» **Task statement**
Wherever the string "Lens" shows up in the data below, copy the whole line.

[Scraped caption text data]
━━━━━━━━━━━━━━━━━━━━━━━━━━━━━━

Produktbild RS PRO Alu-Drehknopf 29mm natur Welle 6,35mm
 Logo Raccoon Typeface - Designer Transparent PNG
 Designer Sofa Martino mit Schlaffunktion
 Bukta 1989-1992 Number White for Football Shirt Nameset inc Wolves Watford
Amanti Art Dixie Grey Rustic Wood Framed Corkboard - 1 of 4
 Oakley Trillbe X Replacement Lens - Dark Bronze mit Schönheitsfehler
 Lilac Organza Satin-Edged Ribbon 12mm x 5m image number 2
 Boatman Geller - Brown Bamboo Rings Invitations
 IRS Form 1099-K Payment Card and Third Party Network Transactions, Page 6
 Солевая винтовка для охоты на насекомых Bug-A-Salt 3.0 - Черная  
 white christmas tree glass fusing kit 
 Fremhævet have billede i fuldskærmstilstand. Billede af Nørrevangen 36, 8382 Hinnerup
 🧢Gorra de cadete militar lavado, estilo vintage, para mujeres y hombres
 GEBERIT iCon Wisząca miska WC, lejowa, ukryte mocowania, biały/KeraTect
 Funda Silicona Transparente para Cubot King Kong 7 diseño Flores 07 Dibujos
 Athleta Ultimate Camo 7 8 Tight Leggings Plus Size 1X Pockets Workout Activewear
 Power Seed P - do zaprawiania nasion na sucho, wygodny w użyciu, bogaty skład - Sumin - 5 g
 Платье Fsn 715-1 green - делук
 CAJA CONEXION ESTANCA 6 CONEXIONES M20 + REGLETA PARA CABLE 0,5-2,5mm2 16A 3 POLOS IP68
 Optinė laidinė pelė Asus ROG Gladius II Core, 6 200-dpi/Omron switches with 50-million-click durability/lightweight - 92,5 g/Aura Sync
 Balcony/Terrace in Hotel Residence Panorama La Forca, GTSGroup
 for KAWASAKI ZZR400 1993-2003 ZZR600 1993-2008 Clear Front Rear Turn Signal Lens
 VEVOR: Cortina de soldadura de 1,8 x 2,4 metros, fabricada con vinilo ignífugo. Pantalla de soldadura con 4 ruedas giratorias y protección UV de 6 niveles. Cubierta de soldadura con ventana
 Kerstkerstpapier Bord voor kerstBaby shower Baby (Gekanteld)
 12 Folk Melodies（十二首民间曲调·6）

━━━━━━━━━━━━━━━━━━━━━━━━━━━━━━

» **Response to the exercise**
 Oakley Trillbe X Replacement Lens - Dark Bronze mit Schönheitsfehler
 for KAWASAKI ZZR400 1993-2003 ZZR600 1993-2008 Clear Front Rear Turn Signal Lens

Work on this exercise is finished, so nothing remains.